Based on this, we can get a sample showing the entire sequence of user actions within the session of interest to us. (For example, we make a selection of users for whom for some reason the payment failed, then for any of these users we select its funnel and get the necessary context of why this could happen) - It is possible to set up “notifications” suspended on some time scripts — that is, for example, once an hour we make a sample that considers the percentage of the number of sessions with errors as the total number of sessions — and if this percentage exceeds a certain interval, interested parties receive a message about this and proceed to a more detailed analysis of the problem.
I believe that all these requirements are quite important, and I believe that there is more than one tool that satisfies them.
And, perhaps, the most important point following from the availability of such tools for you is that it provides the ability to build formal (and fairly accurate) metrics to assess the quality and relevance of functionality. If the button is not pressed, it must be removed, even if it is very beautiful. If after the introduction of a super-convenient feature, users began to complain more about the application, use it less, pay less, then this feature is not super-convenient. Etc.
Summarizing all of the above, I would like to note the following several points:
- Perhaps most of the material in the article seems obvious, but nevertheless we didn’t get to all of this at the first attempt, and this set of approaches works and solves problems.
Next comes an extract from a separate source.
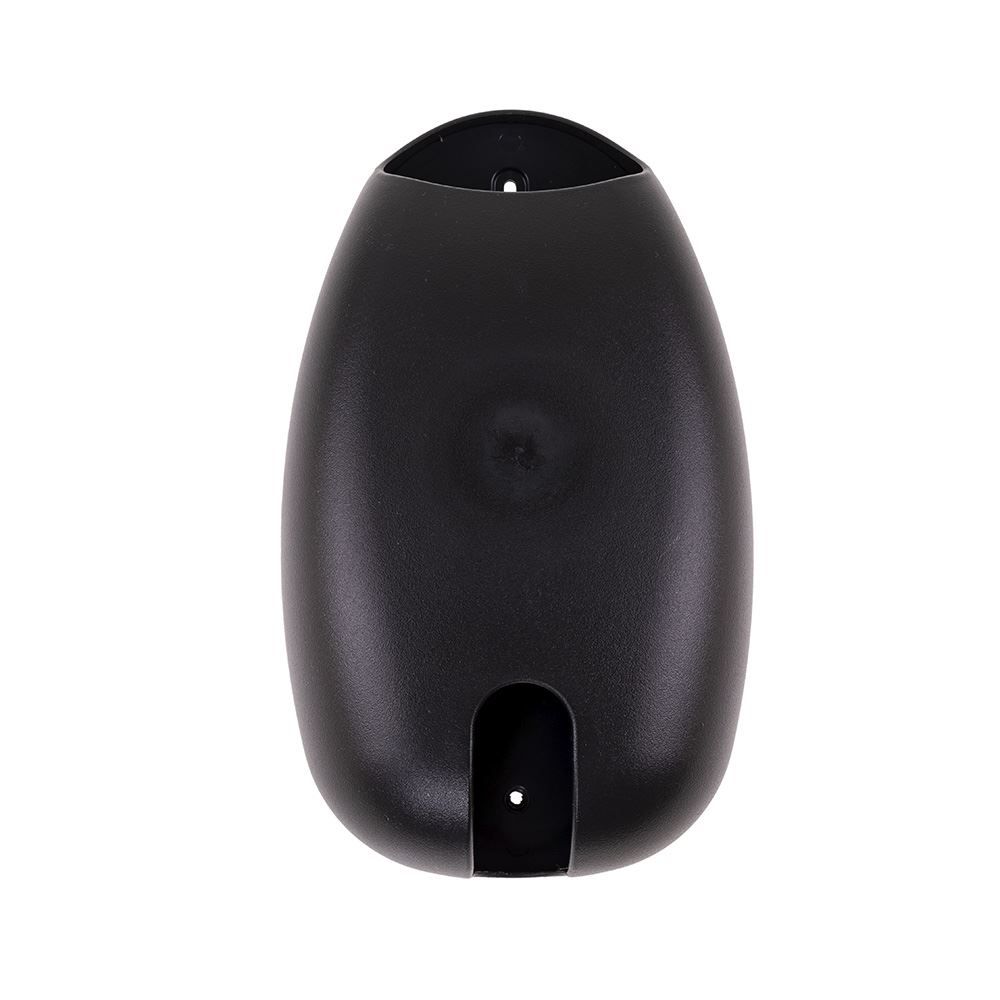 Dispenser Para Sacolas 27,5X8,5X16,5Cm Martiplast - Preto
- All this infrastructure is very expensive in the development and maintenance of health - so you should not implement it EVERYTHING if you start writing a small application that, as you believe, will interest millions. At least also because statistical methods are absolutely inapplicable to some audience size.
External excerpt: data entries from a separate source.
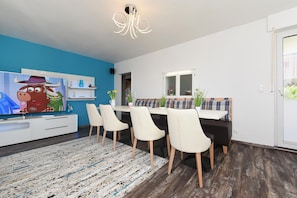 Appartement | Salle de jeux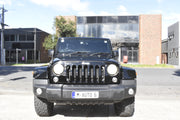 2015 Jeep Wrangler JK MY2015 Unlimited Overland Hardtop 4dr Auto 5sp 4x4 3.6i 2367U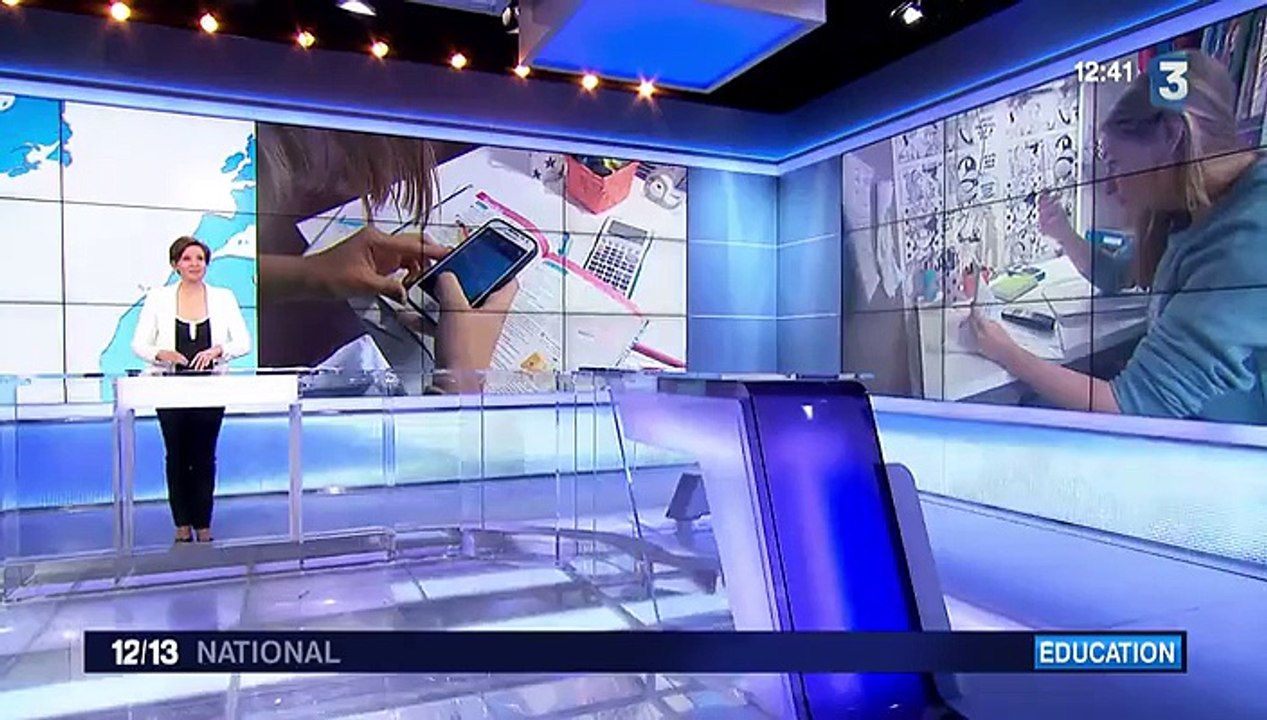 Aquitaine : la région met en place des cours par correspondance téléphonique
- However, at the same time, some recipes are easy to maintain, and they save nerves decently.
- It’s not worth logging straight all-all-all. It quickly turns into indigestible porridge. I suggest logging based on hypotheses. That is, when you start designing new functionality, you write down options as a pessimist that may go wrong, and then on the basis of this write a minimal set of log messages with a minimum set of fields that will allow analytics to cover these hypotheses. And sometimes conduct a review of log messages and remove the lost relevance.
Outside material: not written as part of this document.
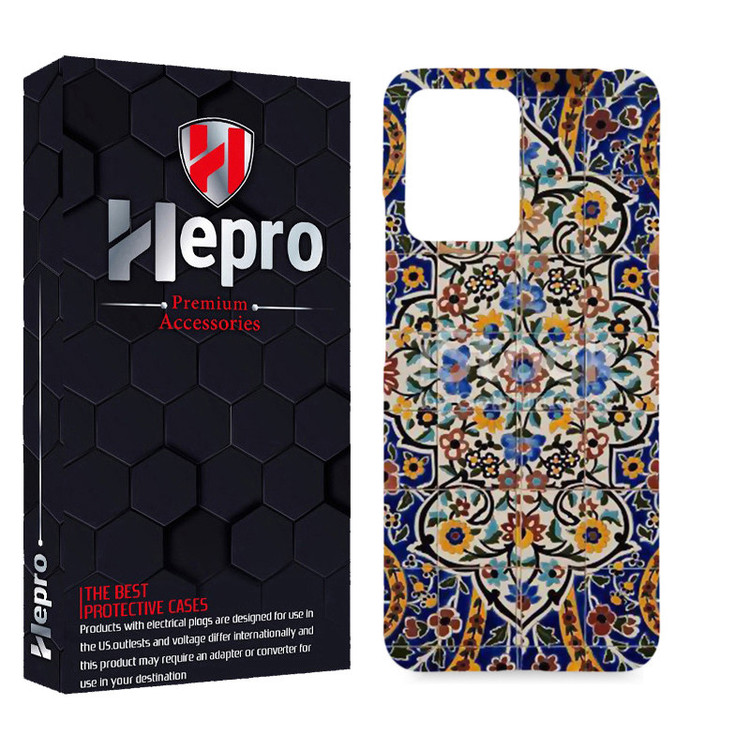 کاور هپرو مدل MC مناسب برای گوشی موبایل شیائومی Redmi Note 12 Pro 5G / Poco X5 Pro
- But at the same time, remember that you can log very diverse metrics and events - from errors in the session and the frequency of opening a certain screen, to the time of loading the application or the time spent on a particular task.
- Try different tools for organizing segmentation - ideally, this should be done so that it is not programmers who are involved in the changes in the segments, but marketing and product teams. Give them more options for organizing segments.
- There are a number of ready-made solutions on the market for organizing A / B segmentation in mobile applications, if you want to save time on organizing infrastructure, for example leanplum
- You are very lucky, you are working on a project that is interesting to people :-) Thank you all.